エイトもイースの小さな嘘を見抜いていた。彼はきっと、本来の目的で雇われた使用人等ではない。
「お前……脱衣所に入って来た時から思とったけど、ほんまに嫌な目つきしとんなぁ」
予想に反してイースはそう言って笑った。その笑みに悪意以上の感情を見つけて、エイトは彼から目を離せなくなる。その美しい闇を湛えた青が、エイトに近づき、そして――
まるで確かめるかのようなキスだった。ついばむように落とされるキス。肩を、背中を、そして腰から太ももに、撫でるように下ろされる白き手には、所々に傷が入っている。幾多の戦場を経験しなければ、こんな傷はつかないだろう。
「お前みたいな嫌な目、嫌いやないで」
耳元で囁かれたその声に、エイトはようやく身体の自由を思い出す。
「……っ」
突き飛ばすようにイースの身体を撥ね退けると、エイトは頭から吹き飛ばされかけた疑問を口に出した。
「あんた、軍人だな? 特務部隊か?」
男に身体をまさぐられる経験は、残念ながら初めてではない。甘い甘いあの空間で、クソジジイにエイトは言われた。『貴方は男に好かれるヒトのようだ』と。まるで誉め言葉のように、頭を優しく撫でられながら、そう甘く口づけを落とされた。
心の狼狽は、あの人のためのもので。この胸の高鳴りは、今許されるものではない。
心のさざ波を静めながら、エイトはイースに問い掛ける。彼の鍛え抜かれた筋肉は、正しく軍人のそれ。砂漠の民には珍しいその白い肌には、数多の血が染み込んだ匂いが付き纏う。綺麗に手入れされたその指先が、エイトの首元にかかる。

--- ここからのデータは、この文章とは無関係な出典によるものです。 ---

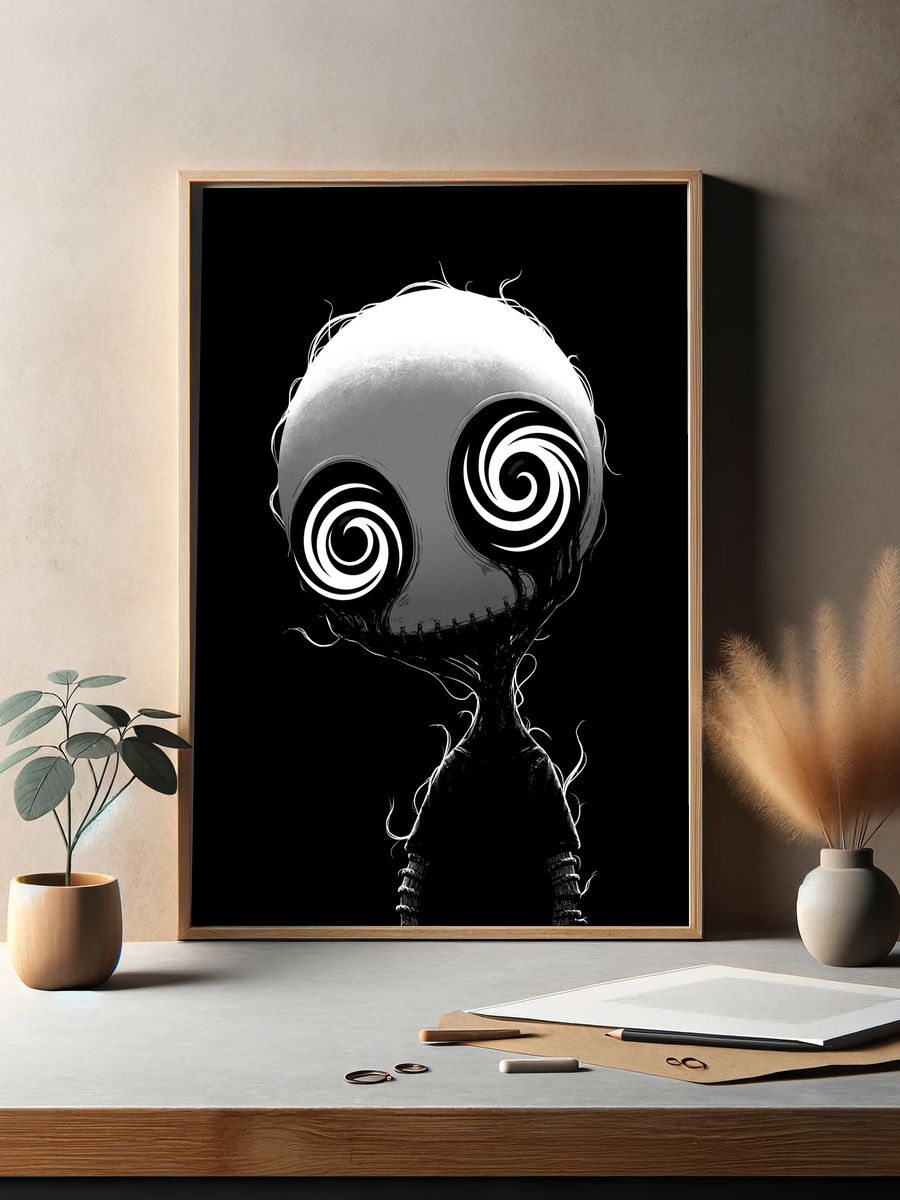 Spooky Spiral Doll Illustration Poster. — room view 2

「……可愛いガキの口から聞くには、随分アレな単語が出たなぁ? 僕のこと、誰から聞いたん?」
指先に力が入り、エイトの首に不自然な圧力が掛かる。指先だけの力なのに、エイトの全身を拘束したかのようなプレッシャーを感じる。触れているのは右手の指先だけ、刺されるような視線は青く、しかしその中心からあの機械音が響いている。
「その目……義眼か?」
イースの瞳の中心に、不自然な四角い輪郭が映されていた。そこから微かに機械音のようなものが聞こえる。青の中にエイトの赤が混じり込む。

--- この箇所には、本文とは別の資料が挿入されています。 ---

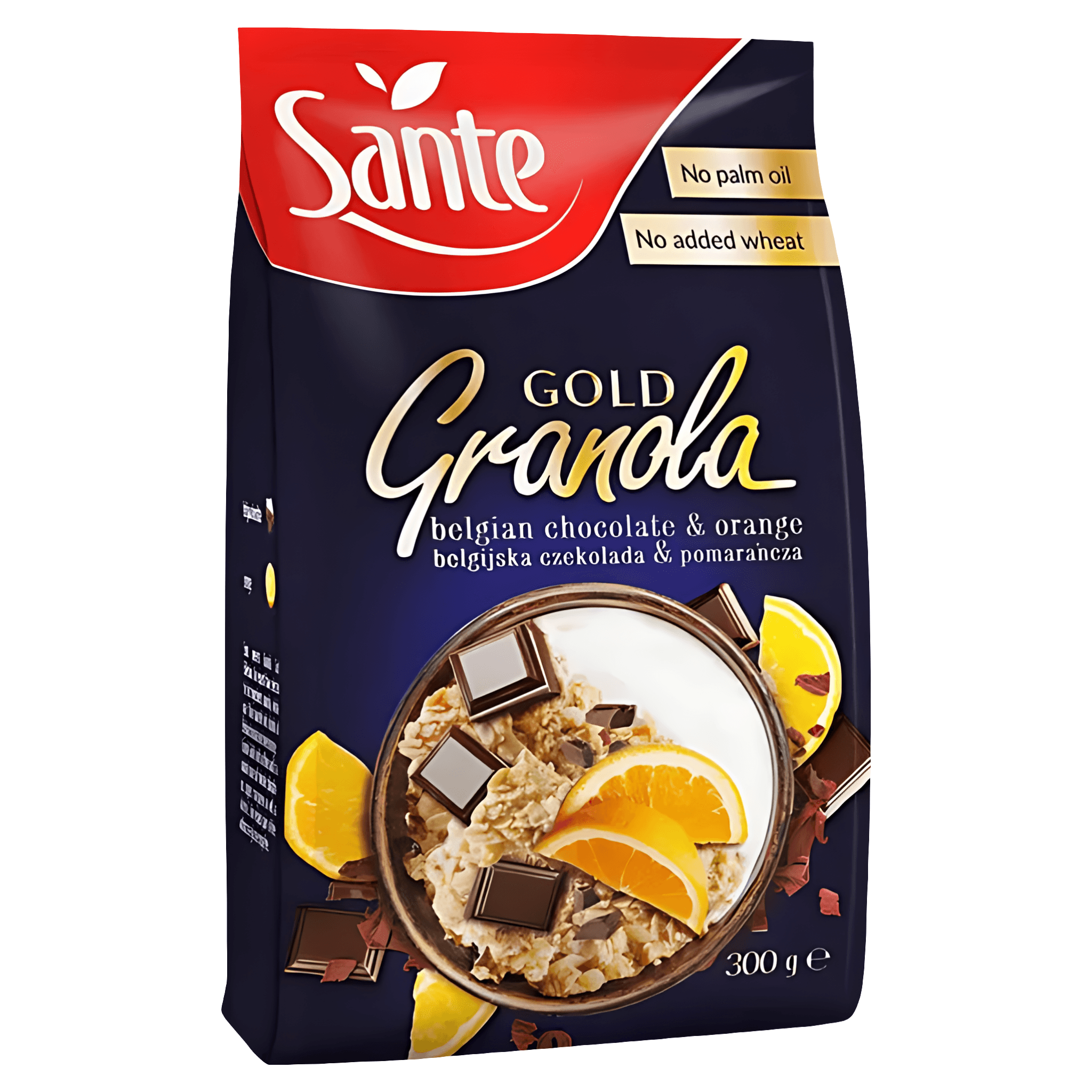 Cereale integrale cu ciocolata si portocale Sante Granola Gold, 300 g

「僕の質問に答えたら教えたるわ。誰から聞いた? 旦那さんか? それとも、外の……デザキアの軍か?」
「……どちらも違う。オレは誰にもあんたのことは聞いてねぇ」
「ならなんで、僕のこと軍人ってわかったん? それによりにもよって、陸軍やのおて特務部隊やなんて」
「あんたからはすげえ血の匂いがしたんだよ。街歩いてる巡回の陸軍からは嗅がないくらいの匂いで、鼻が曲がりそうだ」
「……はーん、なるほどねー……お前、勘の鋭い悪ガキって奴やな」
そこでようやくイースは、エイトの首筋から指を離した。シャワールームは防音仕様らしく、二人の声は大理石に吸い込まれるようにして消えていく。外部に漏れる心配はない。
「僕、お前のこと気に入ったわ。特別に教えたる。でもさすがに……場所移すか。シャワー浴びたら僕の部屋においで。ほんまに、なんでも教えたるわ」
扉の向こうの脱衣所の扉が開いた気配がした。人の気配に敏感なのは、エイトだけではないらしい。イースはそう言ってまた人懐っこい笑みを浮かべると、エイトの肩を意味ありげに叩いてから、ガラスの扉を押し開けた。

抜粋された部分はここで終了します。